Pois é deste engessamento prévio que o filme jamais
conseguirá escapar de todo.
É verdade que ele tenta, e como tenta – seja pela fotografia
(sempre) sutil e cheia de nuances de Agnès Godard, seja
pela montagem/estrutura narrativa que tentam impor ao
filme um fluxo um tanto livre de temporalidade. No entanto,
mesmo estes dois elementos ganham um outro clichê, oposto
mas complementar ao do “retrato de classe”: o da “tentativa
de filme sensível que não se rende aos clichês”. Ou
seja, toda negação de uma narrativa estruturada mais
classicamente, toda a insistência nos enquadramentos
incomuns e movimentos de câmera inesperados, todas as
seqüências de cenas “sem conexão”, com o desejo de dar
ao filme frescor e novidade, não conseguem (quase) nunca
passar da sensação de uma fria tentativa de não ser
óbvio, de ser “único” – e nesta tentativa mesma, resultam
exatamente desta forma.
Lifschitz defende que não faz um filme “sobre a transexualidade”
e sim “com transexualidade”, mas é difícil levar a sério
suas palavras num filme que abre com um número musical
que, guardadas as devidas proporções, está mais perto
de um clipe de seqüência de créditos do James Bond (com
uma letra que expõe todos os dilemas do “ser transexual”

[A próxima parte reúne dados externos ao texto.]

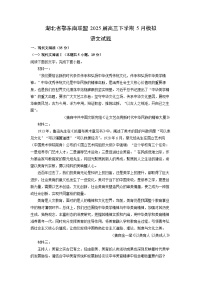 湖北省鄂东南联盟2025届高三下学期5月模拟语文试题（解析版）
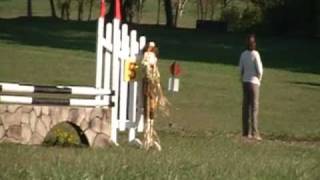preview picture of video 'Young Event Horse East Coast Championships Jumping 2010'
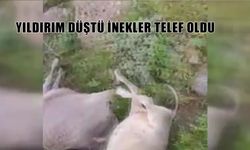 Otluca Köyü’nde Büyükbaş Hayvanların Üzerine Yıldırım Düştü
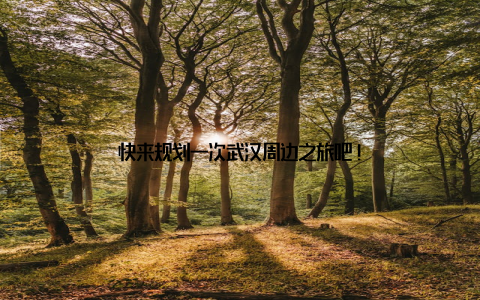 快来规划一次武汉周边之旅吧!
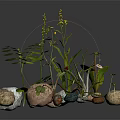Wood Stone Materials with Green Plants Small Yellow Flowers White Daisies and Dark Background Reflections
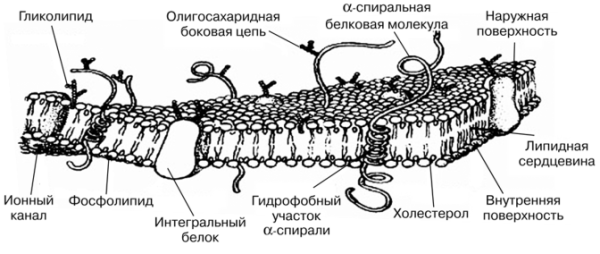 Строение плазматической мембраны клетки чб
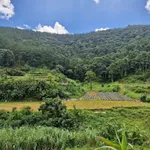 Bán đất vườn An Sơn Đà Lạt 13.000m² giá 11,3 tỷ - Ảnh thu nhỏ 2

enquanto a câmera corre pelos rostos de uma série deles
ouvindo um que canta). Não é uma seqüência sem beleza,
como aliás também não é o filme. Mas simplesmente ela
desmonta todo o discurso do diretor – assim
como as cenas seguintes, onde ele fecha o circuito
que vai do geral ao particular (vemos cenas de transexuais
à beira da estrada onde passam os clientes, até que,
depois de alguns minutos “documentais”, é destacada
nossa protagonista). Nesta passagem se explicita a utilização
de Stéphanie (o nome dela) como representante de um
universo, de sua dimensão verdadeiramente metonímica,
e nisso se perde toda e qualquer crença na sua individualização.

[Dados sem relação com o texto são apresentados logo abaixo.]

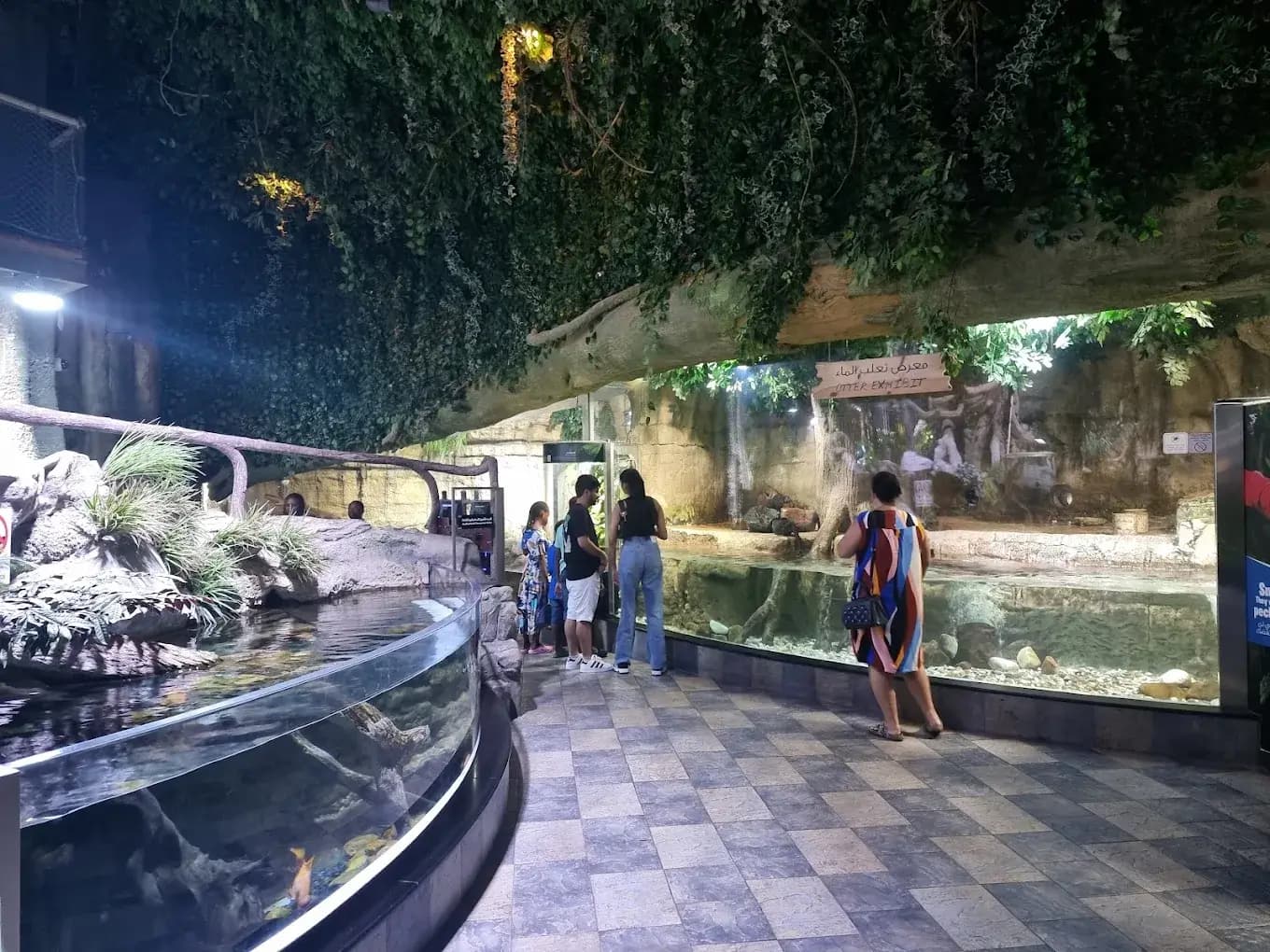 Dubai Aquarium & Underwater Zoo - zdjęcie 1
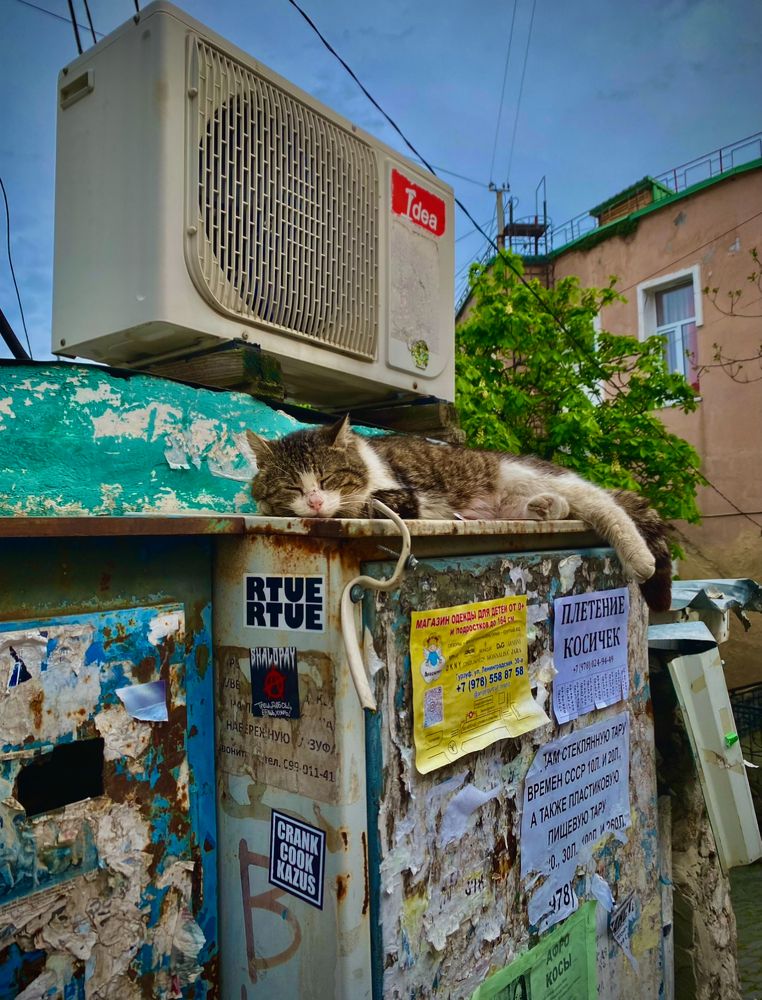 Photograph by Вадим Еременко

Claro, é difícil se opor ao discurso aparentemente pró-tolerância
de Lado Selvagem
– mas há que se ver como ele é montado. Seu elogio de
uma “nova família” montada pelos laços de afetividade,
em oposição àquela cosanguínea e tradicional, empalidece,
em seu esquematismo, quando pensamos em filmes como
Madame Satã ou Tudo Sobre Minha Mãe – onde estas afirmações são feitas não pelo martelar
numa tecla de marginalismo, e sim pela (esta sim, tolerante)
inserção automática destas figuras contestadoras das
normas regentes em narrativas independentes. O que acontece
é que a afirmação que Lado Selvagem parece fazer em todos os seus fotogramas, especialmente
no final (algo do tipo: “somos todos seres humanos”),
para além de seu forte potencial “preaching to the perverted”

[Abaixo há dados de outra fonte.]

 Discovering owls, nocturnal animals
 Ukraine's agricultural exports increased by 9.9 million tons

(ou seja, no meio onde o filme circula, quem se dispõe
a vê-lo já concorda de saída), tem um lado ainda mais
escuro: soa simplesmente preconceituoso, porque quem
acredita nisso mesmo, sabe que é algo que não se precisa
teorizar e provar, e sim admitir como dado anterior
a qualquer proposição (como nos filmes de Almodóvar
e Ainouz). Dar validade à idéia de que se precisa afirmar
a importância de “serem humanos” é naturalizar e internalizar
no filme o preconceito que o cerca – é tornar os personagens,
mesmo com todas as nuances narrativas/formais buscadas,
pouco mais do que títeres de uma tese a ser provada.
O que é uma pena, porque no filme de Lipshitz há muito
de que desejamos gostar (um possível trabalho com o
significado de “ser homem” hoje, o jogo com os corpos
e seus desejos), mas pouco que ele deixe tão livre quanto
deveria se sentir quem habita no “lado selvagem”.